Other leadership courses claim to produce visionaries, but concurrently profess that true leadership is the domain of someone greater than the participant. Only via the überleader’s specific book, course, or coaching system can one achieve such an enlightened and inspirational status themselves. There is little acknowledgement of personal needs, potential, or passions; rather, participants are trained to adopt an alleged one-size-fits-all system that, in reality, may not fit them at all. Companies invest millions of dollars driving personnel through these workshops, denying their employees’ innate potential for organic growth in favor of adopting prescriptive models of dubious effectiveness.
The importance of lived experiences to learning
A 2016 Harvard Business Review examination of leadership reminds us that “we learn most (and retain that learning as changed behavior) when the emotional circuits within our brain are activated. Visceral, lived experiences best activate these circuits; they prompt us to notice both things in the environment and what’s going on inside ourselves. If leadership development begins in the head, leaders will stay in their heads. We can’t simply think our way out of a habit. But in experience, and novel experience in particular, our intentional mind can be more engaged as we make conscious decisions about our behavior.”
Leadership is not something that is unpacked from a box or delivered in a ready-made package. It is not discovered by those who surround themselves with creature comforts or by those who fail to interact with people espousing alternative points of view. Real leadership is the product of personal transformation, and thankfully, our planet is a wealth of opportunity for those with the grit and determination to seek out such an experience.
Harnessing global engagement to develop leadership capabilities
Our changing world is continually creating novel challenges for our global society. Across every continent on our planet, environmental and social crises are becoming numbingly common. These challenges, however, can supply the platforms necessary for meaningful leadership development: transformational experiences that draw on the innate characteristics of those involved, and that return leaders who have grown from overcoming their own inner obstacles.

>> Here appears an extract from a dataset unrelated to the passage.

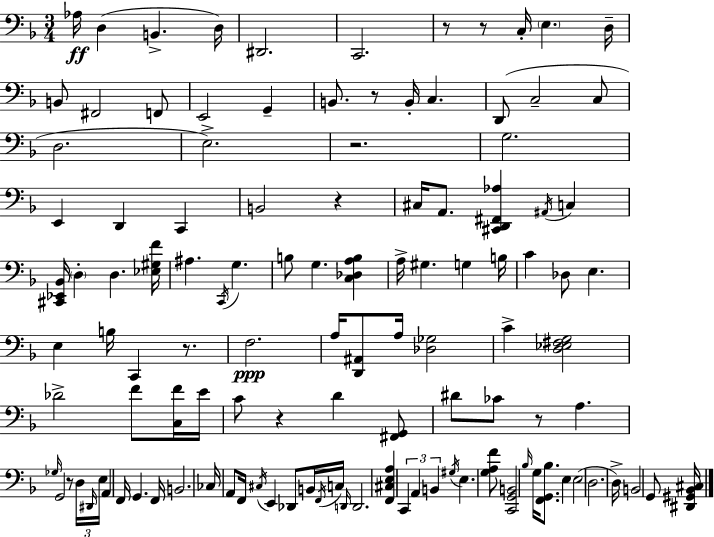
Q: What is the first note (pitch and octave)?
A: Ab3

The nature of crisis is to be dramatic, unpredictable, and difficult. Indeed, the gravity of such a situation is what makes it a crisis. It is in such a crucible that true leaders are forged. Writing in the Harvard Business Review in 2016, leadership expert Deborah Roland states that “leaders in today’s world are intuitive, dynamic, collaborative, and grounded in here-and-now emotional intelligence.” Those who would rise to lead in this day and age must meet the problems facing our planet head-on and let these experiences engulf them. Those that undergo such transformation will not only find themselves uniquely prepared to confront the challenges of the modern age, but will inspire others to join their cause. Indeed, their magnetism will demand it.

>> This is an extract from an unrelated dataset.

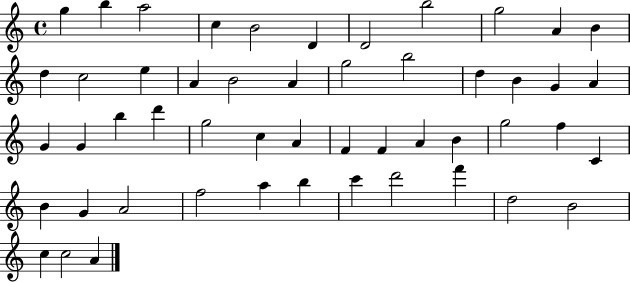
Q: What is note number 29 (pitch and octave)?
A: C5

The experiential education that stems from engaging with modern environmental and social challenges offers an opportunity for truly transformational leadership because it is unboxed. It is unchained, unpredictable, and organic. Rather than building new walls, these off-the-grid experiences break down barriers by forcing participants to engage and to be fully present with their colleagues and their environment. Rather than further institutionalizing elitism through certificates and luxury resorts, these models demand vulnerability, communication, and discomfort. Such experiences are idiosyncratic by nature; in fact, it is precisely their lack of a formulaic approach that makes them valuable. They do not force participants through a system or modality, knocking off the corners of individuality and rounding groups down to a lowest common denominator in the process. Rather, they allow each participant to discover within themselves the truths that are illuminated through direct connection with community, immediacy, and a greater purpose.

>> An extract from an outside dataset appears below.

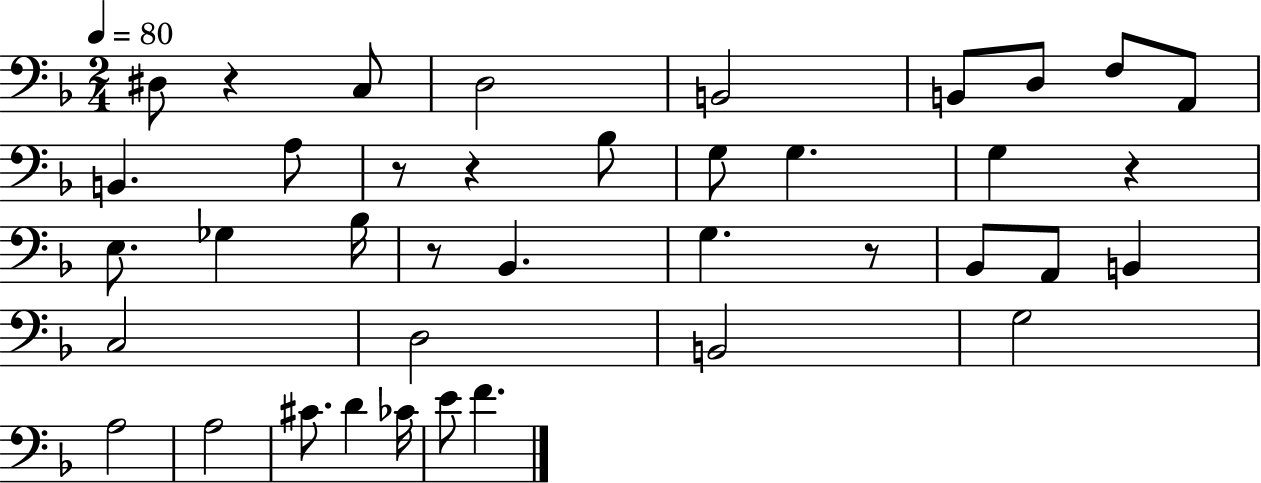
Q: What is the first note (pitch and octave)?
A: D#3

Modern leaders must be more than effective strategists and decision makers; they must be inspirational, agile, and accessible role models who evoke a sense of pride and loyalty among their co-workers. Those strong enough to authentically engage with modern environmental and social challenges will have the opportunity to transform into stronger, more inspiring leaders. Such individuals will infuse their organizational cultures with the values and relationships that solve problems, attract talent, and catalyze progress on a global scale.